The cover of Van Morrison’s Down the Road album shows the window of a music shop that reads “Memorabilia & Records”, with classic LP’s by Louis Armstrong, Muddy Waters, Ray Charles, and others on display. Fact is, some of Morrison’s albums would have fit in quite well with the assortment that is presented, and Lord knows that he’s released enough albums over the years to fill the entire window. Down the Road does not show us any new side of Van the man. For the past decade or so, Van has vacillated between gorgeous reflections on the wonders of life and solid rhythm and blues workouts. This record falls squarely in the camp of the latter. With only a few tracks excepting, Down the Road is an R&B record, done exactly the way that anyone familiar with Morrison’s work has come to expect.

For all intents and purposes, Down the Road could have been a new Ray Charles album. The connection between Morrison and Charles has been fairly obvious since the mid-seventies, but here it becomes all too obvious, with the album hovering somewhere between tribute and interpretation. There is even a version of the covered-to-the-point-of-abuse “Georgia On My Mind”, a song that Charles made entirely his own on “Modern Sounds in Country and Western Music”, way back in 1960. There is nothing that any singer could do to improve on Charles’ version, so the version here sounds perfunctory at best, as if it Morrison tossed it off with casual abandon.

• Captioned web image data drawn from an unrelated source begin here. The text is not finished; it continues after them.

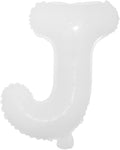 16 inch White Alphabet Letter and Number Balloons Set Package, Aluminum Hanging Foil Film Banner Mylar Balloon for Birthday Party Decoration Custom Word (A-Z, 0-9) (16 inch White J)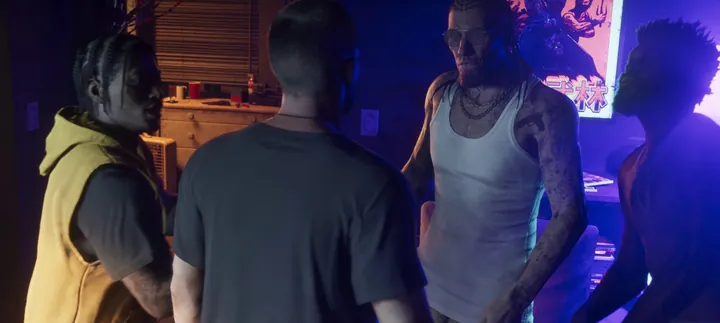 Garage party in neon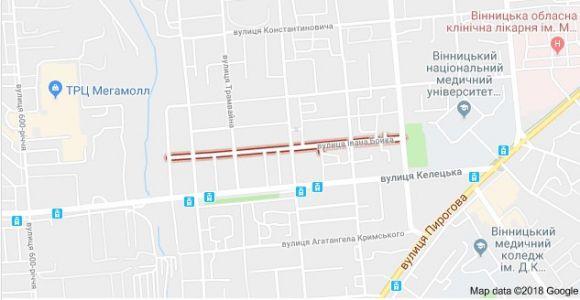 На чотири дні перекриють рух на одній з вінницьких вулиць. Де саме та коли?, фото №1 на сайті 20minut.ua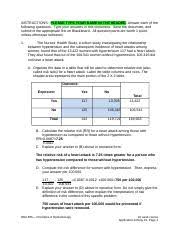 In every study in the table, the case control design requires a smaller sample than does the cohort study to detect the same level of increased risk. Hea 855 Principles Of Epidemiology 16 Week Course Application Activity 2 Page 1 Course Hero
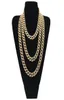 Hip Hop Bling Fashion Chains necklaces Jewelry Mens Gold Silver Miami Cuban Link Chain Necklaces Diamond Iced Out Chian4939034
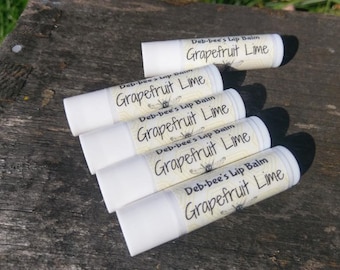 Grapefruit Lime Beeswax Lipbalm /  Beeswax Lip Balm/ Grapefruit Lime Lip Balm/ Beeswax Chapstick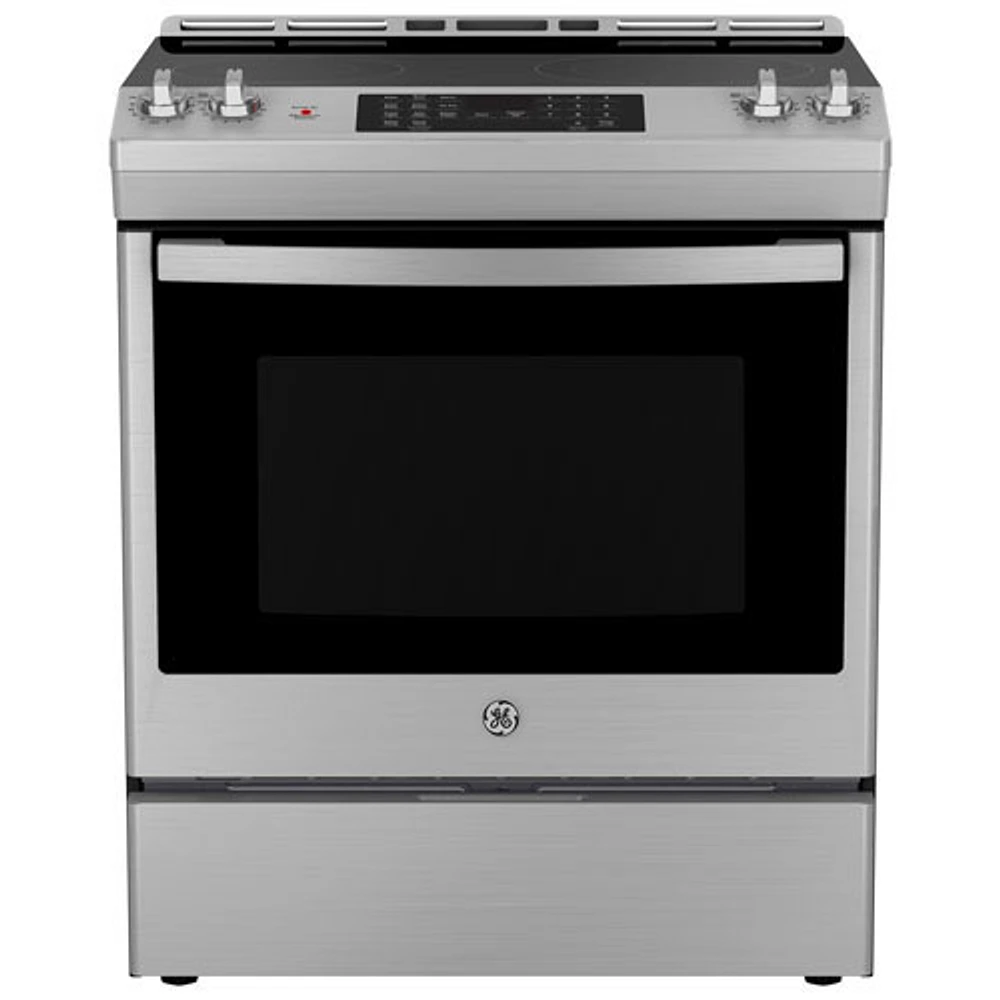 Open Box - GE Profile 30" 6.2 Cu. Ft. 5-Element Electric Air Fry Range (PCB905YVFS) - Scratch & Dent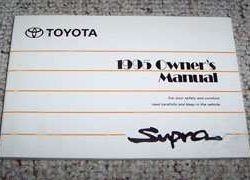 1995 Toyota Supra Owner's Manual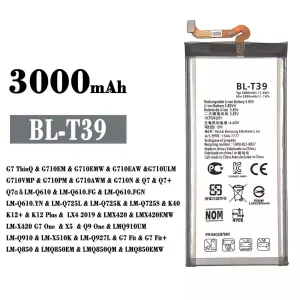 Replacement battery BL-T39 for LG G7 ThinQ / Q7 / Q7+ / Q7a / K40 / K12+ / K12 Plus / Q9 One / G7 Fit / G7 Fit+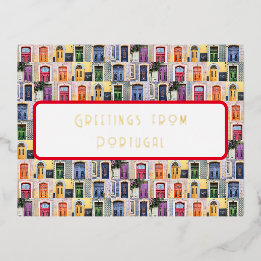 Saudações do Cartão Postal de Portugal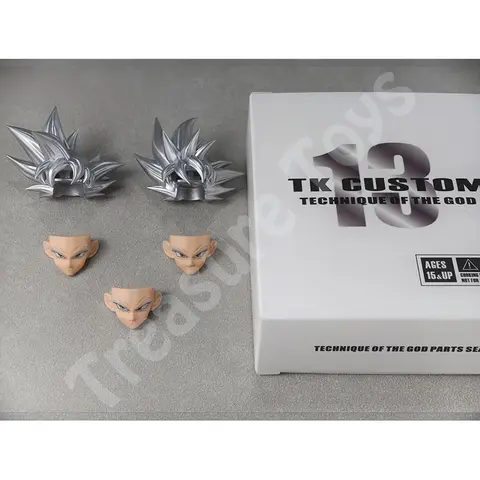 Ny TK CUSTOM Son Goku Huvudskulptur Dragon Ball Ultra Instinct Goku Huvudtillbehör Anime Actionfigurer SHF Modellleksaker Presenter 10 best sales sh figuarts boku no hero - №8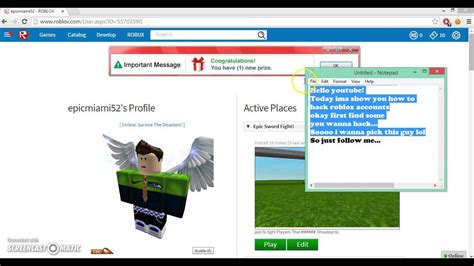 Youtube How To Hack Roblox Accounts Earn 500 Robux Quiz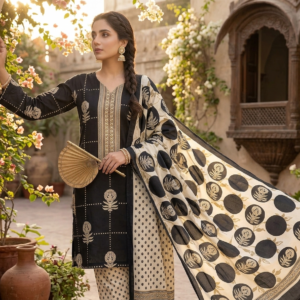 LAWN3PieceEmbroided Dress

The album is weighed heavily with R&B shuffles, i.e., the “Moondance” lope (“Hey Mr. DJ”, “Whatever Happened to PJ Proby”, “Choppin’ Wood”) and Irish waltzes (“What Makes the Irish Heart Beat”, “The Beauty of Days Gone By”, “Only a Dream”). Morrison philosophizes on his reasons for embracing his beloved R&B on the song “Whatever Happened to P.J. Proby?, a strange subject for his focus, especially since most Americans have no idea who this guy is. (FYI, P. J. Proby was an English singer best known for routinely tearing his pants during his live performances). Guys like Proby and Screaming Lord Sutch don’t really figure into any American’s idea of classic R&B, but Morrison observed the trend from Belfast, and that experience informs his impressions profoundly. On said song, he laments that there’s “not much to relate to anymore ‘less you want to be mediocre”. Elsewhere, on “Talk is Cheap” he sings, “You killed your savior, new one can’t be found. Talk is cheap, your savior’s highway bound,” as if to tell us that we’ve lost our way, straying too far from the core. Rather than break new ground, then, Morrison chooses the comfort of familiarity, making Down the Road an enjoyable tribute to days gone by.